Performance of MySQL Semi-Synchronous Replication

This is a blogpost by Aaron http://blog.9minutesnooze.com/performance-mysql-replication-high-latency/

I have seen a few posts on DBA.SE (where I answer a lot of questions) recommending the use of semi-synchronous replication in MySQL 5.5 over a WAN as a way to improve the reliability of replication. My gut reaction was that this is a very bad idea with even a tiny write load, but I wanted to test it out to confirm. Please note that I do not mean to disparage the author of those posts, a user whom I have great respect for.

What is semi-synchronous replication?

The short version is that one slave has to acknowledge receipt of the binary log event before the query returns. The slave doesn’t have to execute it before returning control so it’s still an asynchronous commit. The net effect is that the slave should only miss a maximum of 1 event if the master has a catastrophic failure. It does not improve the reliability of replication itself or prevent data drift.
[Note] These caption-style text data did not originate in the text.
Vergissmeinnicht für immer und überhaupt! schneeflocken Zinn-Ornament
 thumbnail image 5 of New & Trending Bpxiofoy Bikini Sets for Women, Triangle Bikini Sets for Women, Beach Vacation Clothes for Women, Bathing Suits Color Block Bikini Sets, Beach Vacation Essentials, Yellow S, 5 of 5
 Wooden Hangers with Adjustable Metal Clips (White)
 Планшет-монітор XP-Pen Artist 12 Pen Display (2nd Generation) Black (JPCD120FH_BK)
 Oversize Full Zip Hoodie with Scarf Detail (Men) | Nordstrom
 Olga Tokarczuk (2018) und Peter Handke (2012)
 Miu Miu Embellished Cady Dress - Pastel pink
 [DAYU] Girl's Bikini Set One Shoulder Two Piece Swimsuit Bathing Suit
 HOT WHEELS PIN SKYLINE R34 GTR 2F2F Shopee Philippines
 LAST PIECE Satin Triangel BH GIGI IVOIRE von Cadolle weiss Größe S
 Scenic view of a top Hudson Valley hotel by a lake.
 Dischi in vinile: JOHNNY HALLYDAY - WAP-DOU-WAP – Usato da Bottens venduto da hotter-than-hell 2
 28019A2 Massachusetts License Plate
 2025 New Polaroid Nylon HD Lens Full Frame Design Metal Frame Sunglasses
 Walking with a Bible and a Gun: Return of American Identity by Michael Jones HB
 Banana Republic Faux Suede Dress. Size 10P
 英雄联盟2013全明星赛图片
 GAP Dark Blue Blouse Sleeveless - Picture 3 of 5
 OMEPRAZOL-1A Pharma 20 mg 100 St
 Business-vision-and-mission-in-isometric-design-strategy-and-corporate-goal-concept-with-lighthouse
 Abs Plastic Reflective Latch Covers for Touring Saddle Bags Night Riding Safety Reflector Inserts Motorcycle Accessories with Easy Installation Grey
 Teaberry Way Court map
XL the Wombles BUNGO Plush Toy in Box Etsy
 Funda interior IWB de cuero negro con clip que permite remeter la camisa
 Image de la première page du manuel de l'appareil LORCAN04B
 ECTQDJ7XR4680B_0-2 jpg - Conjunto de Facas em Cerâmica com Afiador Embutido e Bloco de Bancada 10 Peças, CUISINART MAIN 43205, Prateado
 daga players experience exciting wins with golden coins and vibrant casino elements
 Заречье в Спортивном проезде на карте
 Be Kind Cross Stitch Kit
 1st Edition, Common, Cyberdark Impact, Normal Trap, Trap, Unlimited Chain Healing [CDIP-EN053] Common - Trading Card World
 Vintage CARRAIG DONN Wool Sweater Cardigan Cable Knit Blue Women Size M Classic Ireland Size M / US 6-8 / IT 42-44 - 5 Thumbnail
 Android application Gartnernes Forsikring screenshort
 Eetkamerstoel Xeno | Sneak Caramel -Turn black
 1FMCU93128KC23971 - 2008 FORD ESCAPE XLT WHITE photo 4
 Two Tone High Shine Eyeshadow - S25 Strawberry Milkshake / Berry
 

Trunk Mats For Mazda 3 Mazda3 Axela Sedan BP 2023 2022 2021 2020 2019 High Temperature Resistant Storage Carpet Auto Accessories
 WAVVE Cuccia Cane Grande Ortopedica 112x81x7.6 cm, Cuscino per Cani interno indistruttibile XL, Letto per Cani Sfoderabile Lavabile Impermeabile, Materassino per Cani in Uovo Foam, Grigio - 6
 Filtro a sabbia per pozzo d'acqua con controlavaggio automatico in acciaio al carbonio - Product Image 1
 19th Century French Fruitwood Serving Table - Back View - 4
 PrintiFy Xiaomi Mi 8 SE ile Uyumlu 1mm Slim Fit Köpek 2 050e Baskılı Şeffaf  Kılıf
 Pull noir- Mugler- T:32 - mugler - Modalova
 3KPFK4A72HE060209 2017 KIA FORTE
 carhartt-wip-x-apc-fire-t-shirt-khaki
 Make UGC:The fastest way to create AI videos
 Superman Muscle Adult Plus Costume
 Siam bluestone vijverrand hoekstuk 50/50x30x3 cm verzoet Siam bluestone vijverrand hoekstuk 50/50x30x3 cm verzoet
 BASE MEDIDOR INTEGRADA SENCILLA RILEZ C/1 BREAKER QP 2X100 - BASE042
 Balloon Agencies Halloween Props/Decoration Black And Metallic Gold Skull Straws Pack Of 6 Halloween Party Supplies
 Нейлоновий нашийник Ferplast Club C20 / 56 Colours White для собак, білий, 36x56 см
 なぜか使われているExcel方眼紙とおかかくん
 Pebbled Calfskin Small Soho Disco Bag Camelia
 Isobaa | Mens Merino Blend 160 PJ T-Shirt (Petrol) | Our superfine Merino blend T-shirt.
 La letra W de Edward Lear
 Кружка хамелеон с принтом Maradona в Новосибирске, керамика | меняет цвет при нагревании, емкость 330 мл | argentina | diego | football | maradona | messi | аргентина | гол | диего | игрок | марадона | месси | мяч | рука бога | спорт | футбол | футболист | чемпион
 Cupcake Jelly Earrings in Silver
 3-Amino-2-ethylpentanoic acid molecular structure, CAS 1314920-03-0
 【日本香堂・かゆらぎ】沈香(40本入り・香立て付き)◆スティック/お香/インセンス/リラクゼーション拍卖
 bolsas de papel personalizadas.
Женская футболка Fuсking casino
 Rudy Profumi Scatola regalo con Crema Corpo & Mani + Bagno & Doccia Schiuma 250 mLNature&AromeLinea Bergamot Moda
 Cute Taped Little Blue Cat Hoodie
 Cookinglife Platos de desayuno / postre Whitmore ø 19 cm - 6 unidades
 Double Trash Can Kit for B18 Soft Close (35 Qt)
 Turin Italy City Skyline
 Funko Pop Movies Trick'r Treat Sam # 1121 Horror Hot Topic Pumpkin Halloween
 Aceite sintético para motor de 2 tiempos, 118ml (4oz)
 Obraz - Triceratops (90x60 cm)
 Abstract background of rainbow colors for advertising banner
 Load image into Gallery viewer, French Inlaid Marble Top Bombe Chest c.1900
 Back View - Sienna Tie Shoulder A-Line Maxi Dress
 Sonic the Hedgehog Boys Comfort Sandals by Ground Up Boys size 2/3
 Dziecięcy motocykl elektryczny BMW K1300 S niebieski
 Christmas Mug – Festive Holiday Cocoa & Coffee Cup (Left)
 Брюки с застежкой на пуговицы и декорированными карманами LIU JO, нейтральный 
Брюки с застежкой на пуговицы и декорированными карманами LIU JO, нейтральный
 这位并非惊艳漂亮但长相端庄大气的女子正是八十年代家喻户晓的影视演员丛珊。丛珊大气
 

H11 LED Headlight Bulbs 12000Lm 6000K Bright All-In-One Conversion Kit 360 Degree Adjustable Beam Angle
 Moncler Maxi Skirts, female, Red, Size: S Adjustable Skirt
What about performance, though? Semi-synchronous replication causes the client to block until a slave has acknowledged that it has received the event. On a LAN with sub-millisecond latencies, this should not present much of a problem. But what if there is 85ms of latency between the master and the slave, as is the case between Virginia and California? My hypothesis is that, with 85ms of latency, it is impossible to get better than 11 write queries (INSERT/UPDATE/DELETE) per second – 1000ms / 85ms = 11.7.

Let’s test that out.

I spun up identical m1.small instances in EC2′s us-east-1 and us-west-1 regions using the latest Ubuntu 12.04 LTS AMI from Alestic and installed the latest Percona Server 5.5 from their apt repository.

gpg --keyserver  hkp://keys.gnupg.net --recv-keys 1C4CBDCDCD2EFD2A

gpg -a --export CD2EFD2A | apt-key add -

echo deb http://repo.percona.com/apt precise main > /etc/apt/sources.list.d/percona.list

apt-get update

apt-get install percona-server-server-5.5 libmysqlclient-dev

Although mostly irrelevant to the benchmarks, my.cnf is configured thusly (basically identical to support-files/my-huge.cnf shipped with the distribution):

[mysqld]

port          = 3306

socket          = /var/run/mysql/mysql.sock

skip-external-locking

key_buffer_size = 384M

max_allowed_packet = 1M

table_open_cache = 512

sort_buffer_size = 2M

read_buffer_size = 2M

read_rnd_buffer_size = 8M

myisam_sort_buffer_size = 64M

thread_cache_size = 8

query_cache_size = 32M

thread_concurrency = 8

server-id     = 1

log-bin=mysql-bin

binlog_format=mixed

innodb_data_home_dir = /var/lib/mysql

innodb_data_file_path = ibdata1:2000M;ibdata2:10M:autoextend

innodb_log_group_home_dir = /var/lib/mysql

innodb_buffer_pool_size = 384M

innodb_additional_mem_pool_size = 20M

innodb_log_file_size = 100M

innodb_log_buffer_size = 8M

innodb_flush_log_at_trx_commit = 0

innodb_lock_wait_timeout = 50

Then, I wrote a very simple Ruby script to perform 10k inserts into a table, using the sequel gem, which I love.

apt-get install rubygems

gem install sequel mysql2 --no-rdoc --no-ri

#!/usr/bin/env ruby

# insertperf.rb

require 'logger'

require 'rubygems'

require 'sequel'

logger = Logger.new(STDOUT)

localdb = "inserttest"

db = Sequel.connect( :database => localdb,

                     :adapter  => 'mysql2',

                     :user     => 'root',

                     :logger   => logger )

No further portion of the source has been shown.